Try pulling out one of those sticks of Ram and then see what you get when you reboot. Let us know what you find after that.


----------



## wysiwyg (Nov 1, 2003)

Javora said:


> *Try pulling out one of those sticks of Ram and then see what you get when you reboot. Let us know what you find after that. *


I tried that:


> *3 beeps is supposed to be main memory read/write test error so I try every possible combination of single and both DIMMS - still the same beeping.*


----------



## Javora (Aug 24, 2003)

Ok for some reason I was thinking you were single channel with both sticks.

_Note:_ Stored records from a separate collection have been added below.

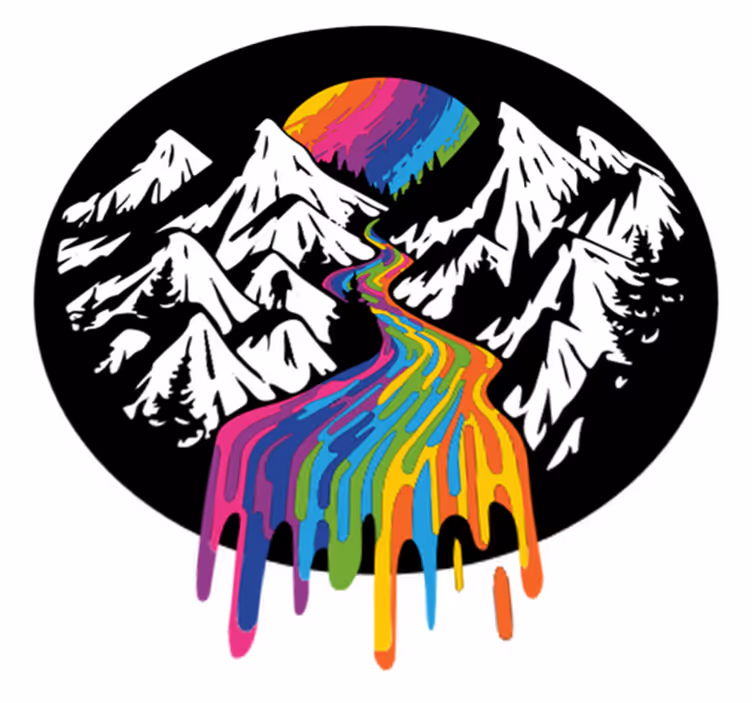 Nature rug rainbow mountain landscape - TenStickers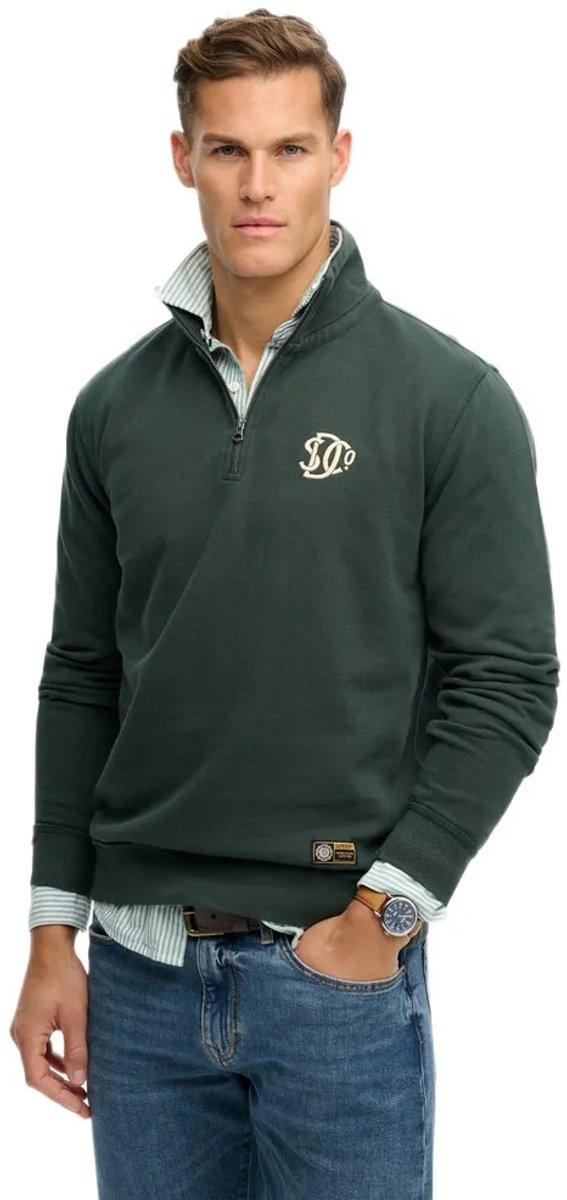 Superdry Athletic Half Rits Trui L Man Groen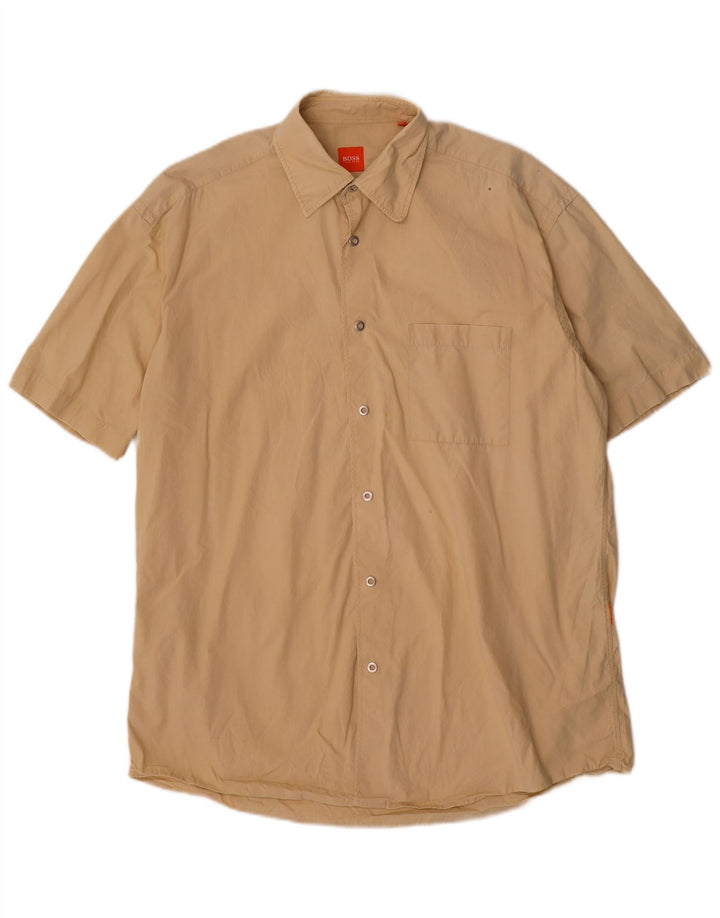 Hugo Boss Chemise à manches courtes en coton beige moyen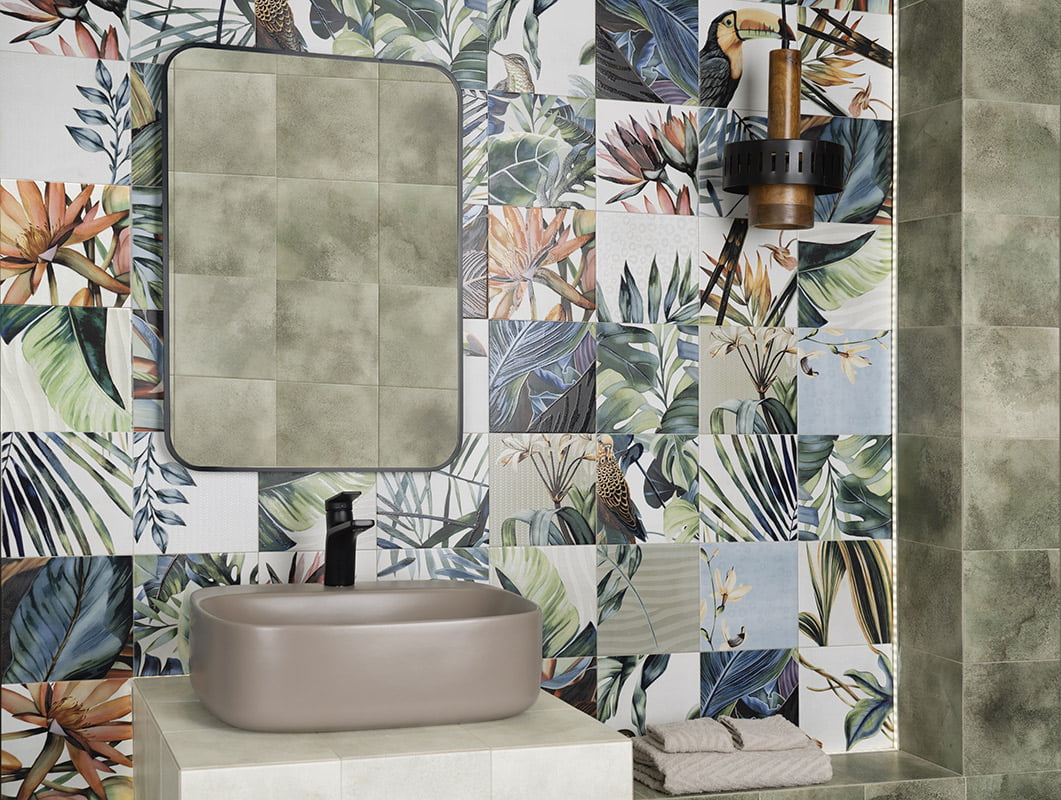 Carrelage Mural Décor Fleuri Tikida et unis 20x20 cm de Mainzu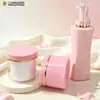 Botella de Loción Champú Rosa de Gama Alta de 500 ml, Tarro para Mascarilla Capilar de 300 ml, Botella de Plástico de Boca Ancha para Crema Facial, Materiales de Empaque para Cuidado de la Piel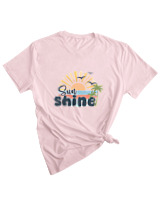 T-Shirt Woman Fashion Γυναικείο - Sun Shine - Color Thumbnail PALE PINK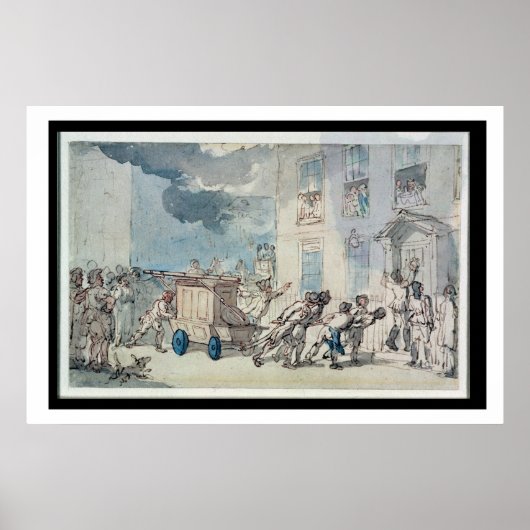 Die Ankunft des Motors (w/c, Stift und Tinte, Poster (Vorne)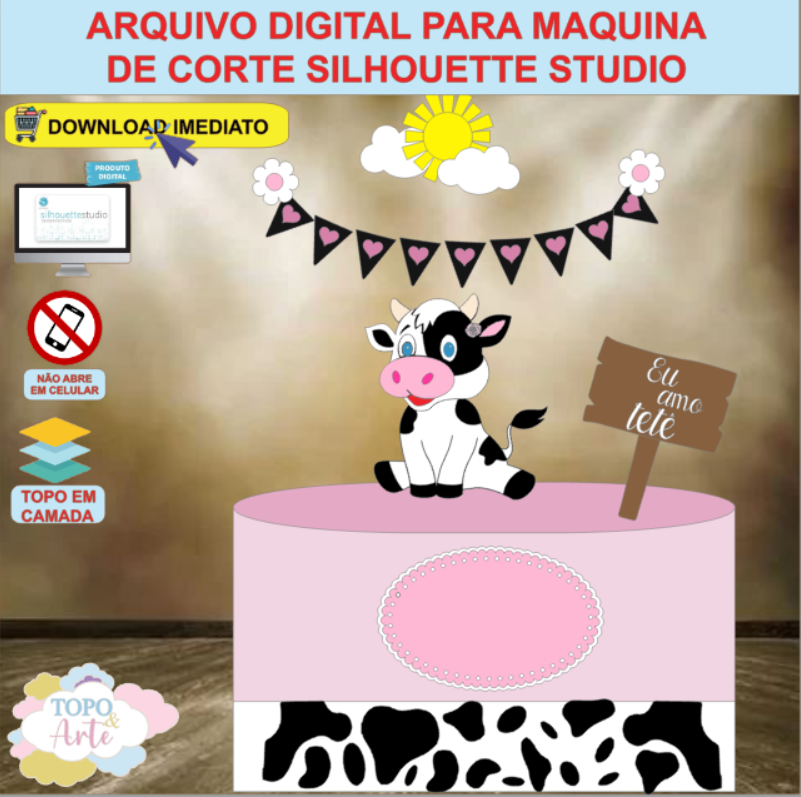 ARQUIVO de Corte Topo de Bolo Vaca Vaquinha Eu Amo Tete - 33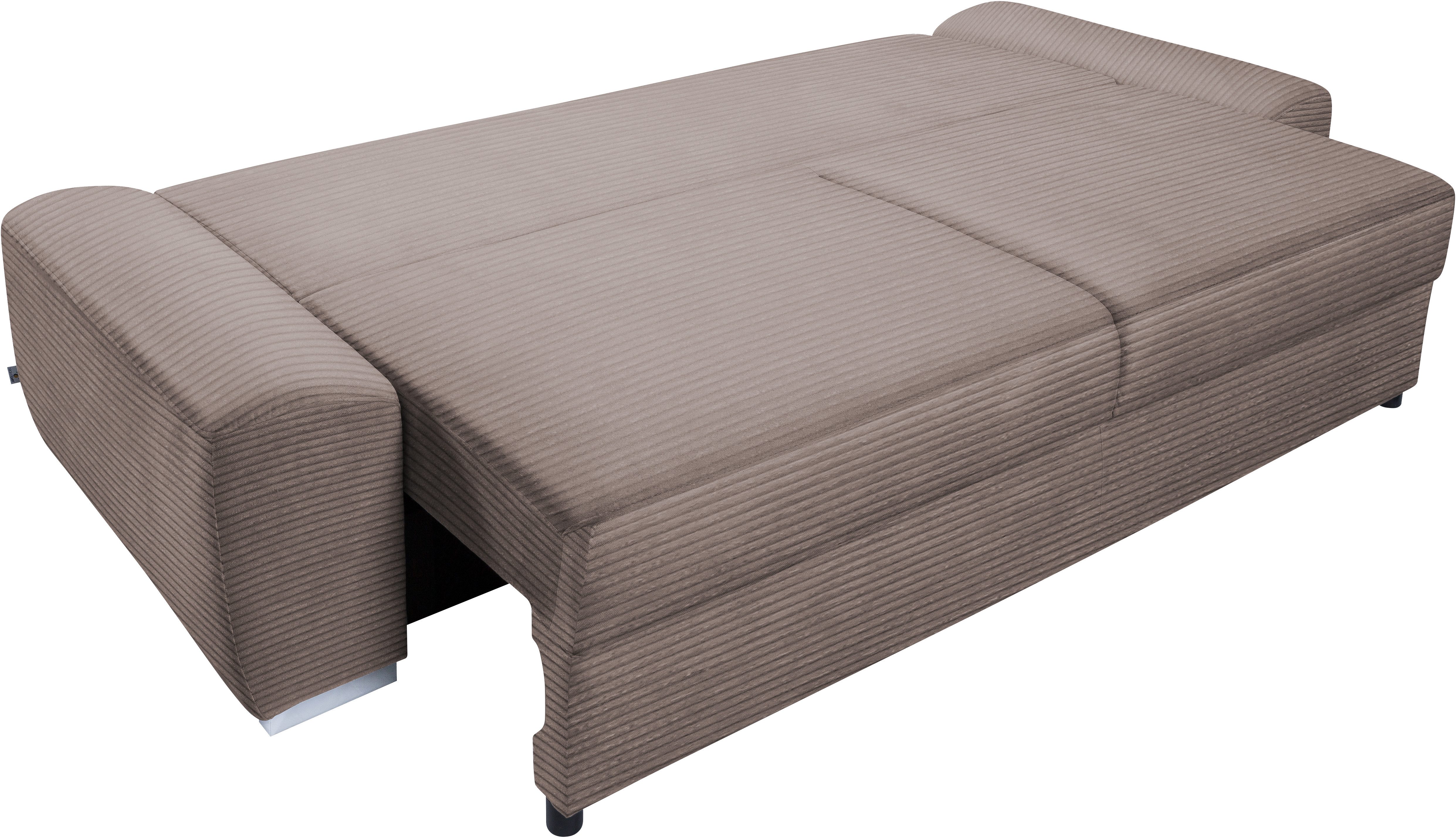 exxpo - sofa fashion 2-zitsbank SOLSBURY, bank, slaapbank incl. pocketvering-bekleding, bedfunctie en opbergruimte, in cord
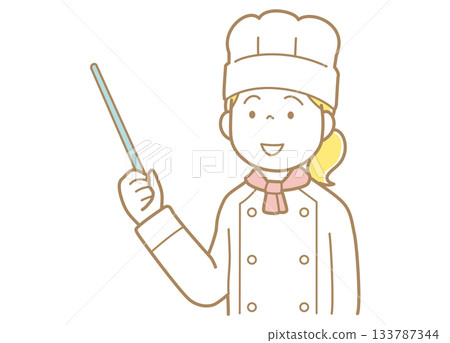 Illustration of a woman in a chef's coat and hat pointing with a pointer Illustration of a woman in a chef's coat and hat pointing with a pointer 133787344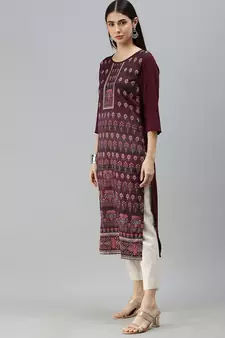 Chocolate Brown Crepe Printed Straight Kurta 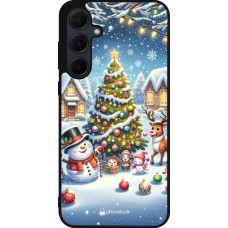 Coque Samsung Galaxy A35 5G - Silicone rigide noir Noël 2023 bonhomme de neige et sapin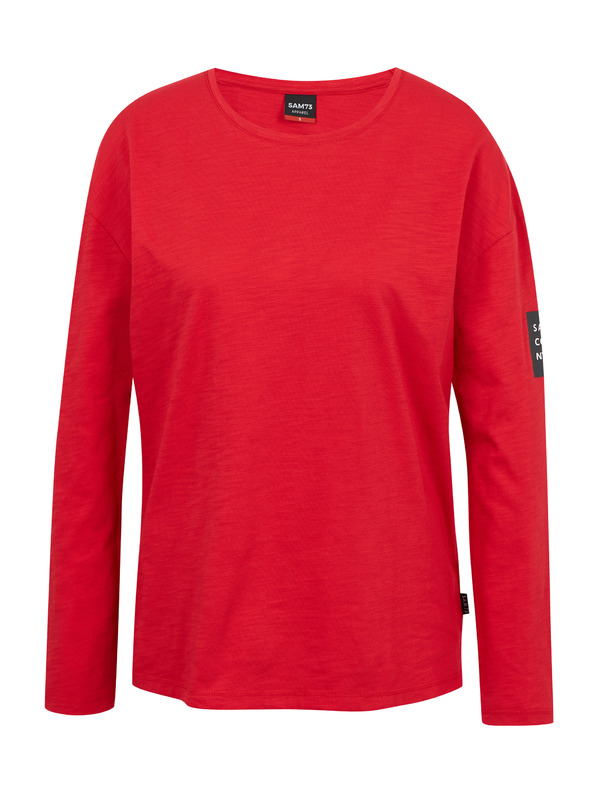 Sam 73 Červené dámske základné tričko s dlhým rukávom SAM 73 Ariasa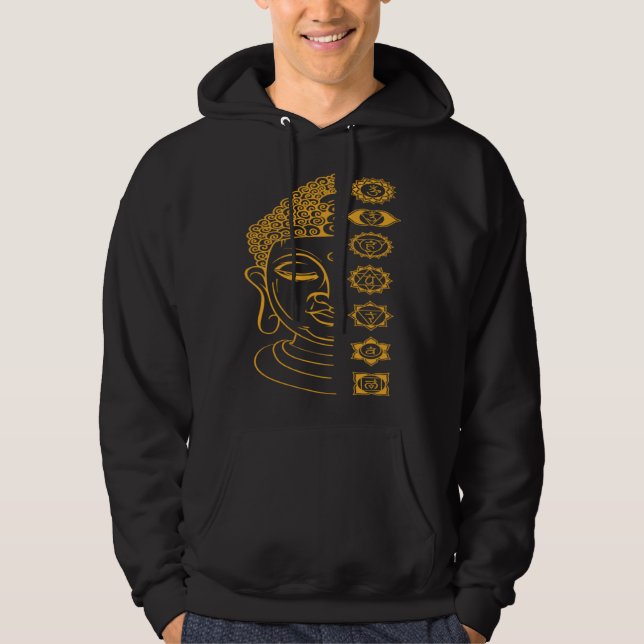 Seven Chakras Holy Buddha Hoodie (Framsida)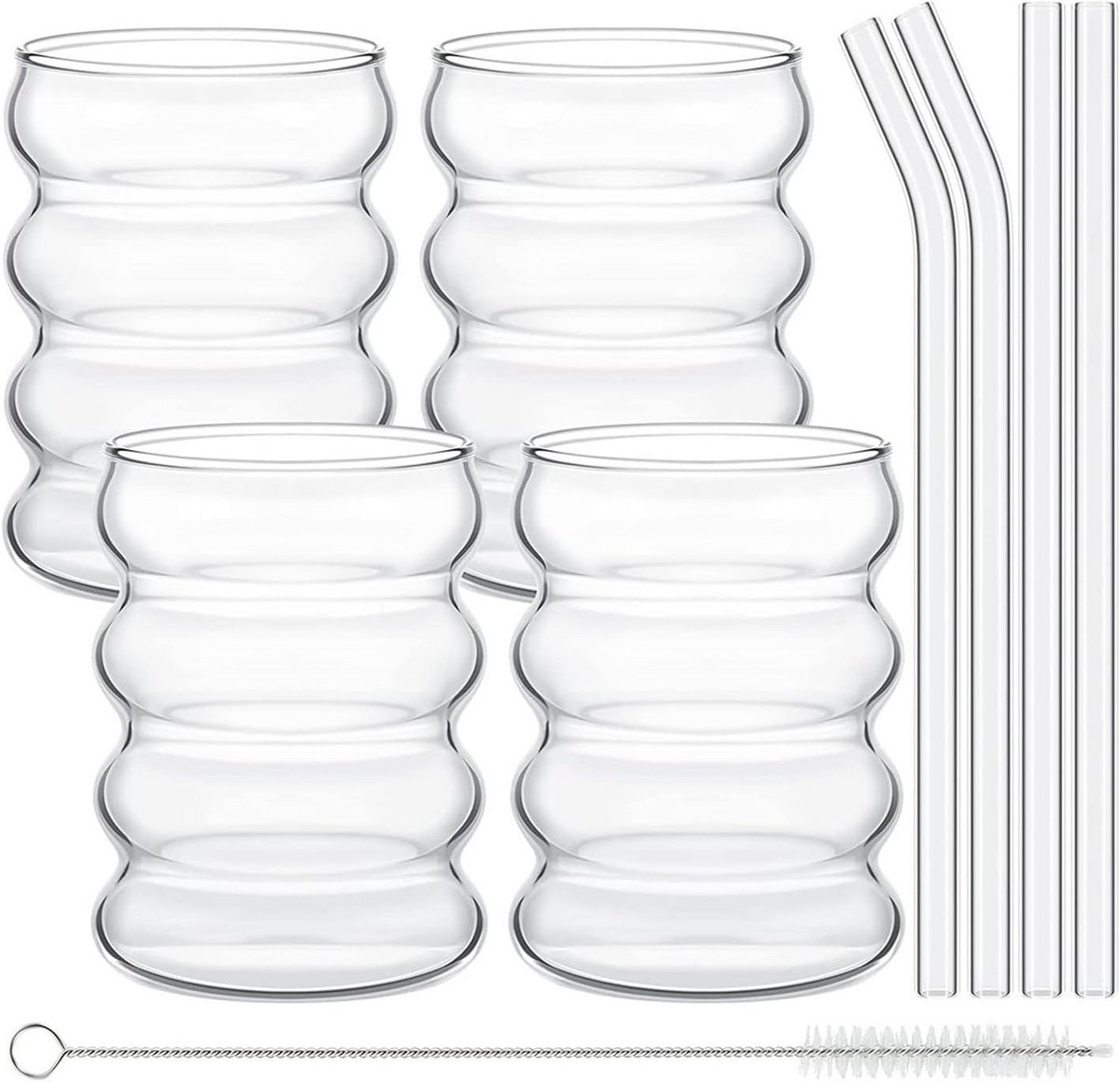 Set van 4 Luxe Glazen Drinkbekers 300ml - Geschikt voor Iced Coffee, Latte, Matcha en Sap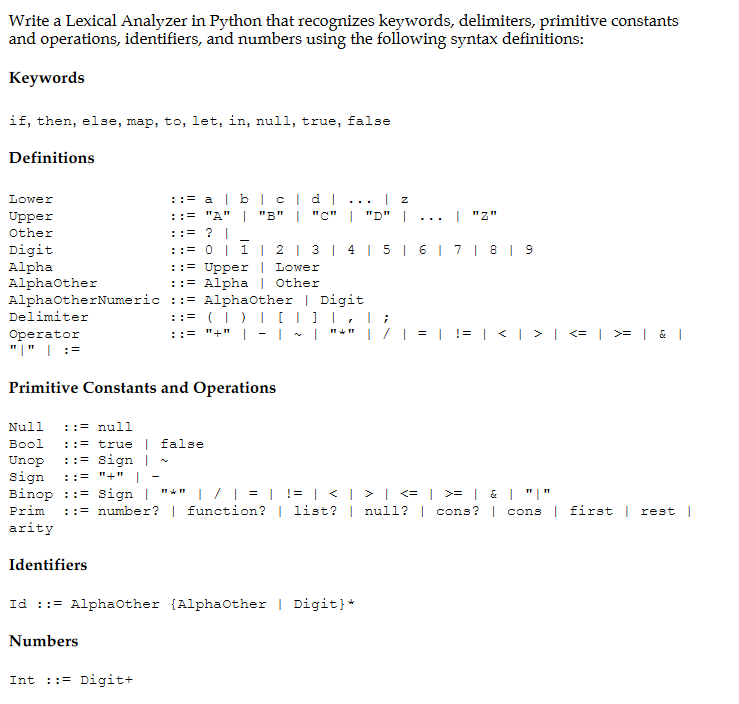 Solved Write a Lexical Analyzer in Python that recognizes | Chegg.com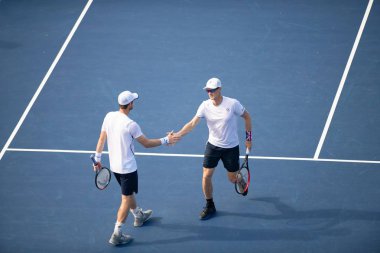 Andy Murray ve Jamie Murray (Gbr) 31 Temmuz 2019'da Washington Dc'de düzenlenen Citi Open tenis turnuvasında Nicolas Mahut ve Edouard Roger-Vasselin'i (Fra) yendi.
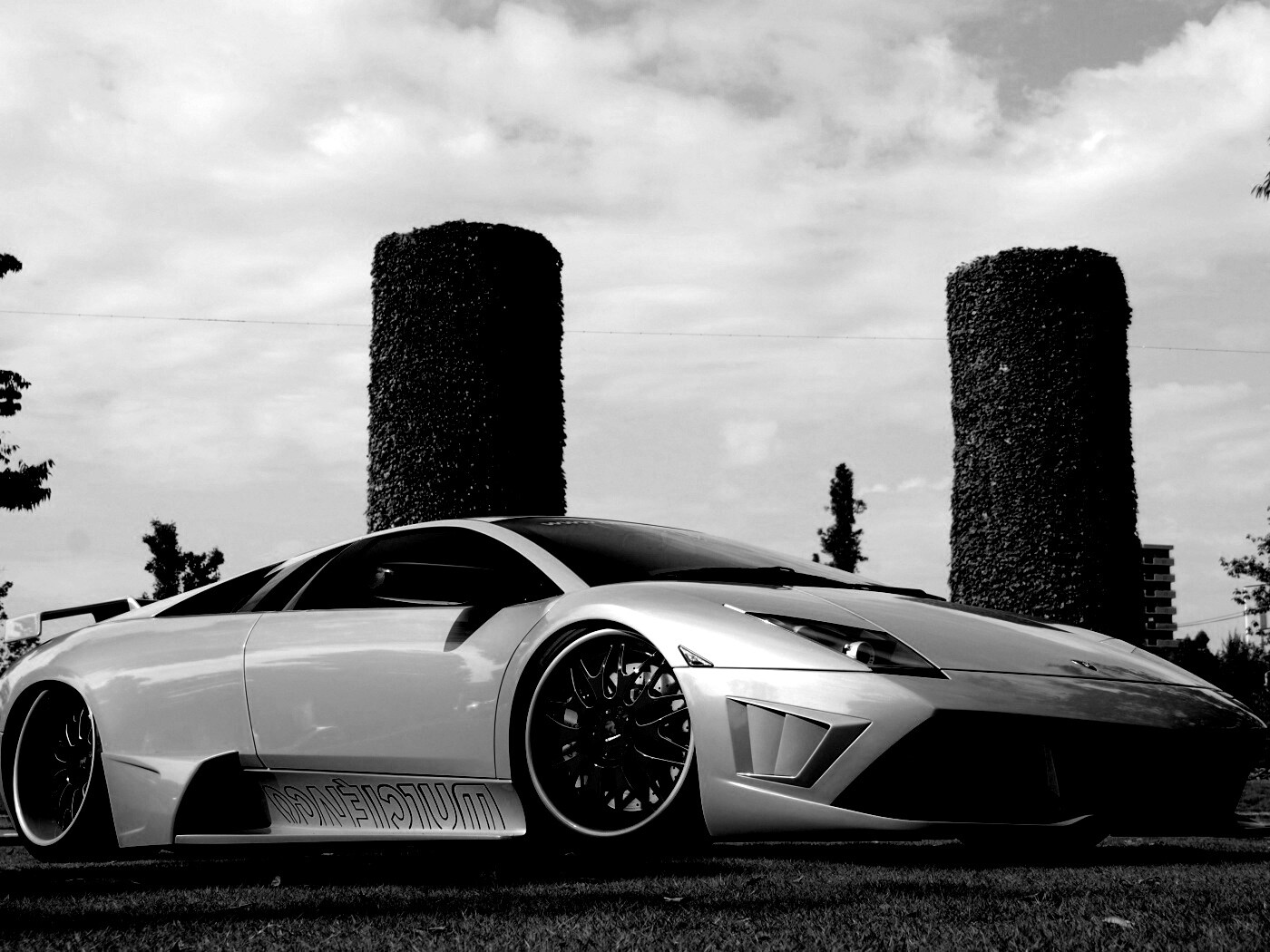 Зелёный Ламборджини на траве обои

What version of Bios do you have installed?


----------



## Javora (Aug 24, 2003)

Also you might want to check out this thread. It talks about setting memory timing to get the system to boot correctly. This might help in your case. Hope this helps.

Here is the link:

http://www.techsupportforums.com/showthread.php?threadid=8352&perpage=20&pagenumber=1


----------



## wysiwyg (Nov 1, 2003)

The only thing I can get out of the mobo are the 3 beeps. No display, so I don't have any idea what the BIOS is.


----------



## Javora (Aug 24, 2003)

Just on the off chance that there maybe a video problem, do you have a video card that you know works? That is of course you are not already taking the video card off another system.


----------



## wysiwyg (Nov 1, 2003)

I tried a different video card. Same 3 beeps. Same lack of video.


----------



## typo91 (Oct 23, 2003)

I bet its your CPU

pull all the ram out and see what happens

it couldn't hurt to reconnect your Powersupply to the board(incase bad connection)

its something REALLY REALLY bad, cause that board is suppose to VOICE the error not beep.


----------



## typo91 (Oct 23, 2003)

*one time, at band camp...*

one time my computer did something weird (same hardware as you for the most part)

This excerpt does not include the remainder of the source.